▶ Exercise objective:
The entries below contain pictures, which are to be left out; write out exactly, and only, the lines from the line with "Load image into" up to and including the line with "Scuba Snorkeling Mask".

━━━ Given information ━━━

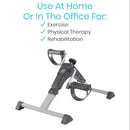 Vive Health Folding Pedal Exerciser, Adjustable Tension, Teal Vein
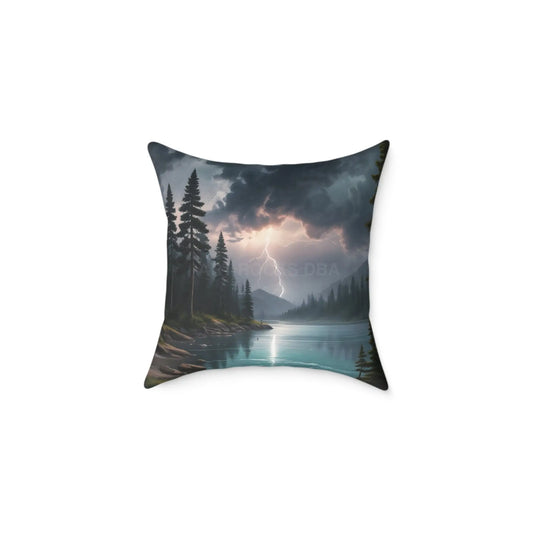 Thunderstorm on The Lake Pillow Cozy Home Decor Rustic Gift Outdoor Vibes Nature Lover’s Accent Cushion - 18’’ × 18’’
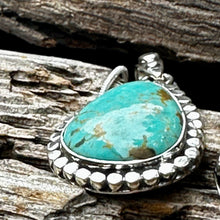 Load image into Gallery viewer, N08878  Turquoise Sterling Necklace (18” - 1.6” Pendant)
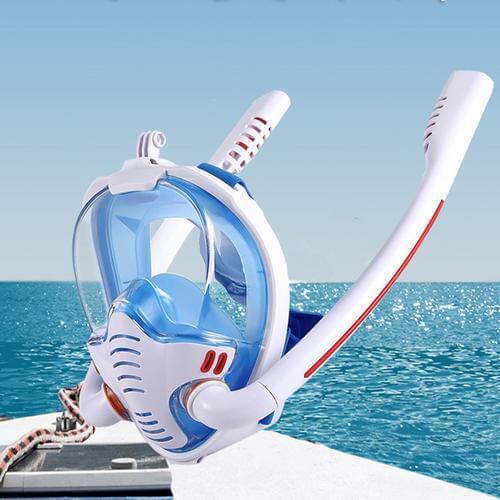 Scuba Snorkeling Mask Double Snorkel Silicone Full Face Dry Anti Fog Diving Equipment Adults Teenager Wide View Swimming Goggles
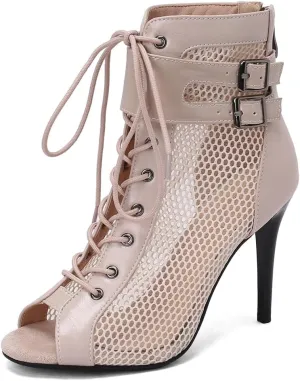 Women's Peep Toe Stilettos High Heels Heeled Sandals Fashion Lace Up Zipper Dance Dressy Ankle Booties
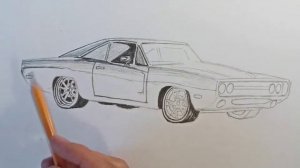 Как нарисовать Додж Чарджер 1970 года - Dodge Charger из Форсажа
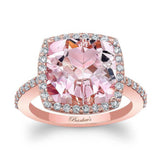 5 Carat Cushion Cut Morganite Halo Ring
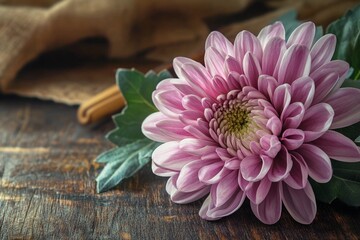 Purple chrysanthemum close-up. Chrysanthemum flower lies on a wooden background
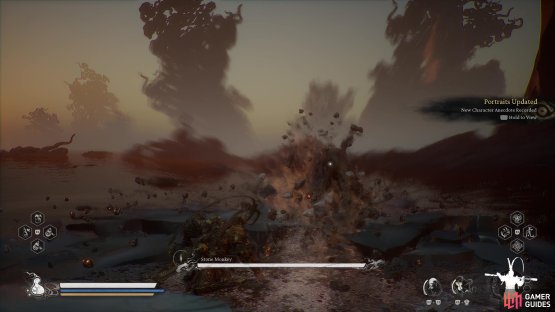 The Stone Monkey will leap toward you and slam the ground, dealing AoE damage around the impact.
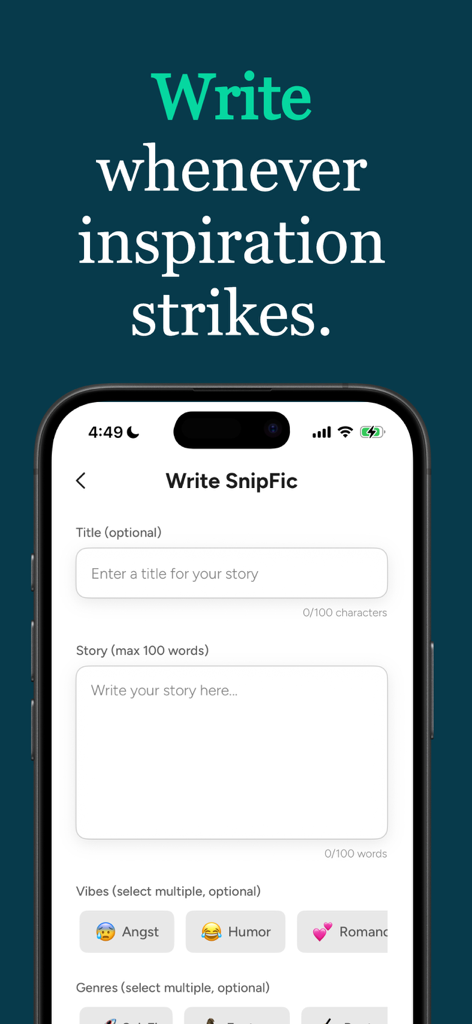 SnipFic - La interfaz de escritura de la aplicación SnipFic donde los usuarios pueden crear historias de menos de 100 palabras.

━━━

▶ Result:
 Load image into Gallery viewer, N08878  Turquoise Sterling Necklace (18” - 1.6” Pendant)
 Scuba Snorkeling Mask Double Snorkel Silicone Full Face Dry Anti Fog Diving Equipment Adults Teenager Wide View Swimming Goggles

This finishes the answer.